→ **Exercise description**
The expected result is an exact restatement of the data, free of pictures.

→ **Collected material**
- Opening Delimiter -

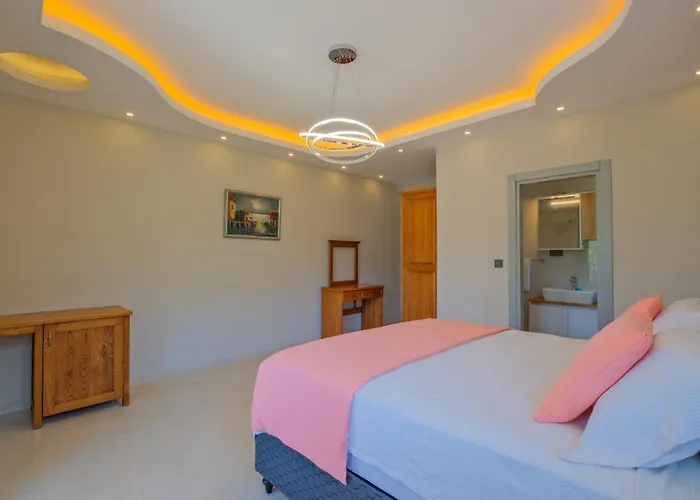 Villa Infinity Olive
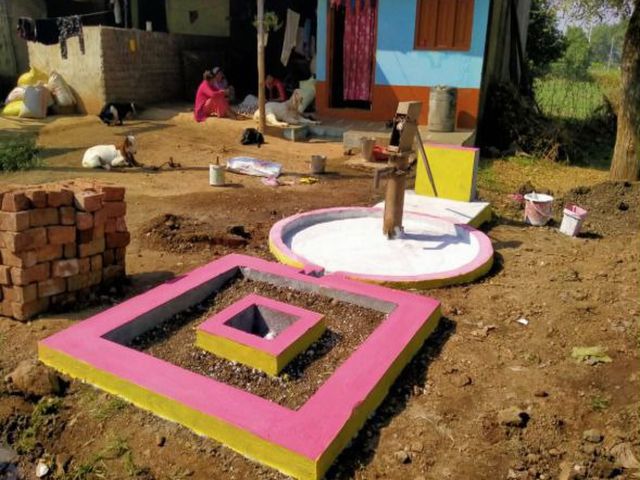 रिचार्ज पिट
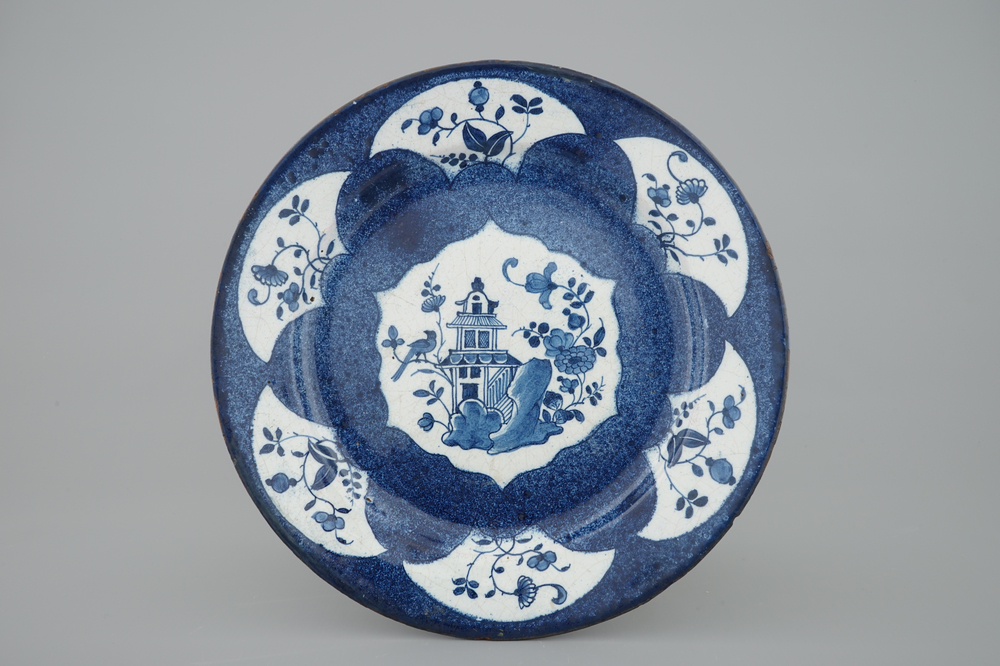 Een blauw-witte schotel in Engelse Delftware, Bristol, 18e eeuw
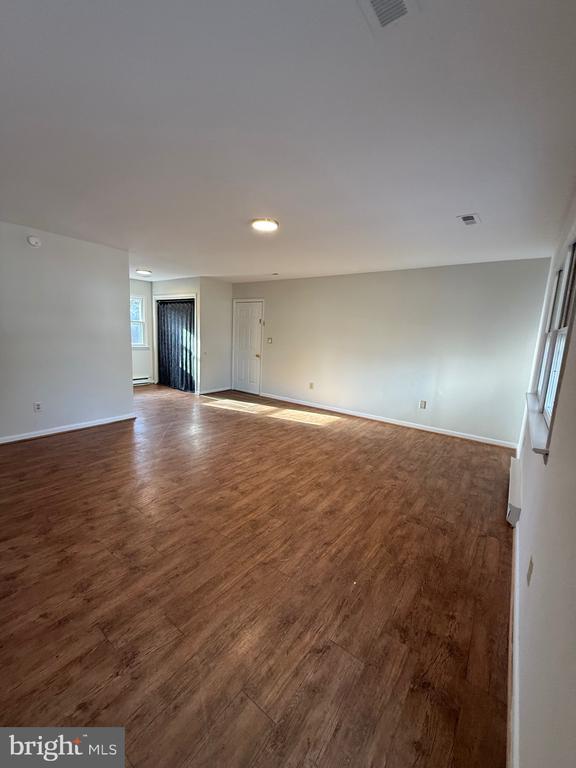 Photo - 4364 Albemarle Ct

- Closing Delimiter -

→ **Answer for the task**
 Villa Infinity Olive
 रिचार्ज पिट
 Een blauw-witte schotel in Engelse Delftware, Bristol, 18e eeuw
 Photo - 4364 Albemarle Ct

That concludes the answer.